The Canon EOS 1DC is an interesting beast.

The stills capabilities match that of the Canon EOS 1DX, so it’s a monster of a stills camera. But the 1DC isn’t about taking photos: It’s designed with video in mind, with 4K Motion JPEG at 24/25P at the forefront of its video arsenal, along with 1080 50/60P capture.

However, it’s still technically a DSLR…and broadcasters haven’t been particularly kind about the DSLR video image in the past, citing the moire and aliasing issues connected with the “line-skip” method of extraction from a large megapixel sensor as reason enough for the 5D/7D footage of old to be deemed unsuitable for HD transmission.

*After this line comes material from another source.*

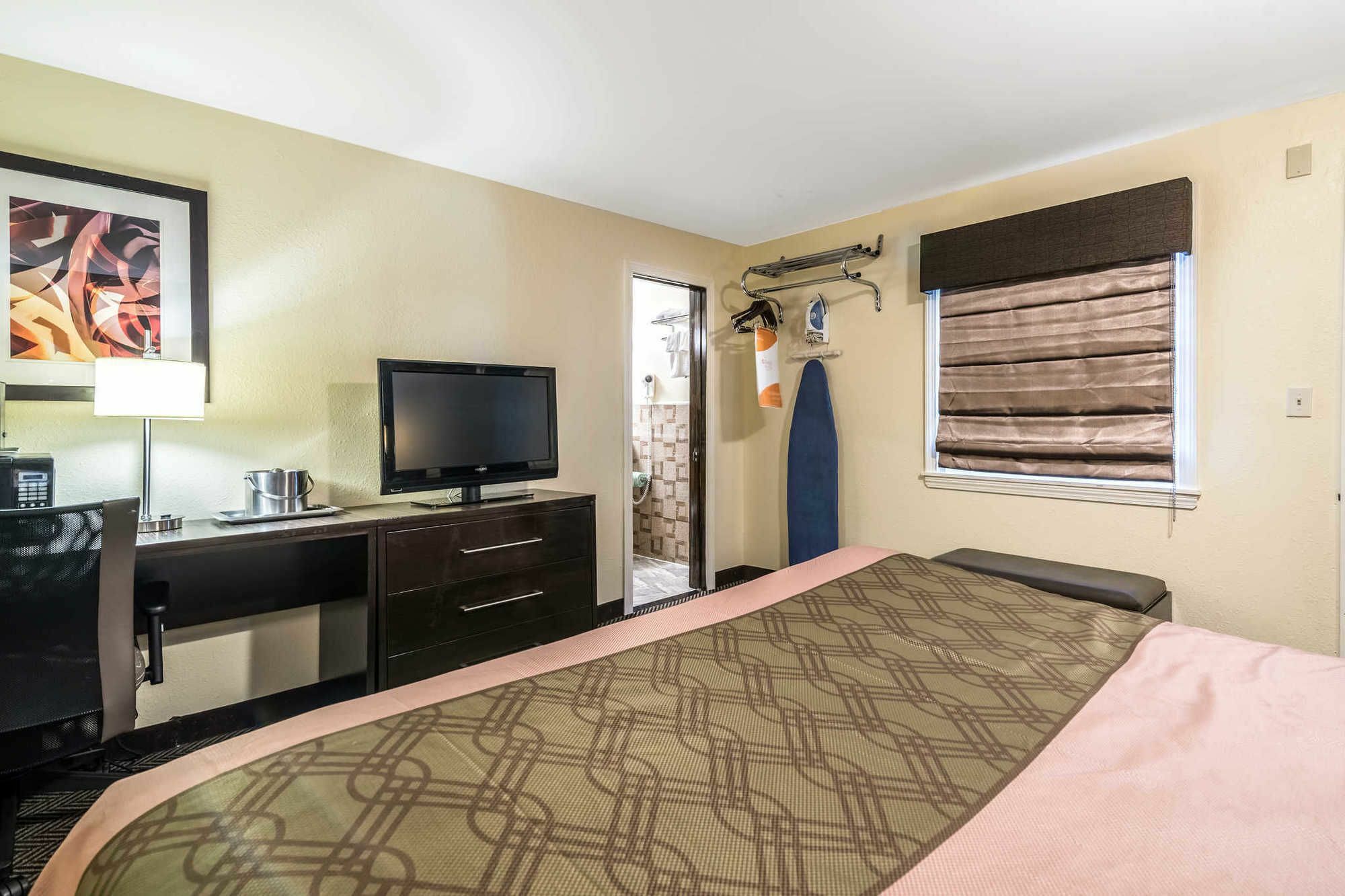 Econo Lodge Rutland City Near Hwy 7 Ngoại thất bức ảnh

UNTIL NOW. That’s right, the European Broadcasting Union (EBU) have deemed the footage from the Canon 1DC as good enough to fit into the “HD Tier 1 for HD Production”. Here’s what they had to say:

“Results indicated that the EOS-1D C provides ‘exceptional’ HD resolution from a 4K source with ‘very low’ aliasing, and ‘good’ colour performance and motion portrayal. The test results also confirm that the EOS-1D C camera system and its imaging performance comply with the recommended specification for inclusion in the HD Tier 1 for HD Production.”

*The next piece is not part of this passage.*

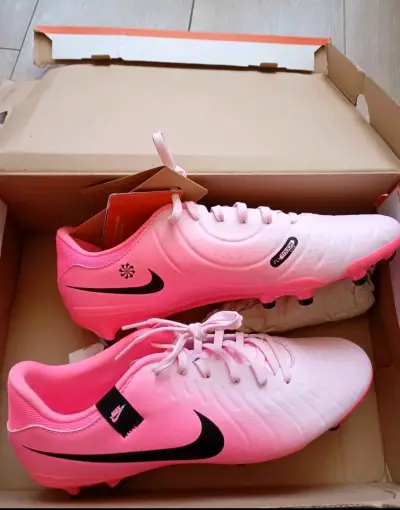 Zapatillas de fútbol rojas - miniatura 3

So there it is: The first broadcast-level DSLR. Why is that good, you might ask? For a number of reasons:

  • Many of you own DSLR support equipment. Rigs, sliders, your whole kit is designed around the lightweight and compact design of the DSLR body. With the 1DC, you can keep using all your pre-existing kit. Moreover that compact size makes the camera ideal for getting into tight spaces: Dashboards for car shots, trees in jungles for natural history, and much more.

 

  • Strip all that support kit away and you look like a photographer or tourist: The compact size of the DSLR makes you less conspicuous in less-than-safe environments, and less daunting to interviewees  who may be over-awed by a full size video camera.

 

  • This point may be less practical than the first two, but for some of us, it’s important: It keeps DSLR shooting alive whilst stepping it up a level. DSLR for many shooters felt like a mini-rebellion: Huge images made on tiny cameras. The 1DC keeps this going.

 

Remember though that you will still need to check with specific broadcasters (BBC, Discovery etc) as to whether they will accept the 1DC as your primary acquisition device, and that you will likely be recording audio separately. However, as you may have already seen online in short films such as the Po Chan-directed/Shane Hurlbut-shot "The Ticket", the Canon 1DC is a formidable video-biased DSLR and could well be the main camera for your next production.